§ Directions:
Beginning with the line where "Unikaj ataków wręcz" occurs, transcribe every line exactly through the last line of the listing below, and no others.

§ Data:

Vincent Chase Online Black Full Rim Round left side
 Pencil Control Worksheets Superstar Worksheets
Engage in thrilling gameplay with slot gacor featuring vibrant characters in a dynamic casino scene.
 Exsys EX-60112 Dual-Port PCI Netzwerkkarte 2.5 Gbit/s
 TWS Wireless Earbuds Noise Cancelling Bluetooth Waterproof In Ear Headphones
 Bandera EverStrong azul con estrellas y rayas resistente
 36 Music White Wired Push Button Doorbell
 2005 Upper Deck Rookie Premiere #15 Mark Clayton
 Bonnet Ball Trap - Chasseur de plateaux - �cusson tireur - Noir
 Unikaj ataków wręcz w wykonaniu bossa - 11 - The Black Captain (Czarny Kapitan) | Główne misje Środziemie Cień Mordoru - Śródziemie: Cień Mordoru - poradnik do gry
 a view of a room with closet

§ Exercise answer:
 Unikaj ataków wręcz w wykonaniu bossa - 11 - The Black Captain (Czarny Kapitan) | Główne misje Środziemie Cień Mordoru - Śródziemie: Cień Mordoru - poradnik do gry
 a view of a room with closet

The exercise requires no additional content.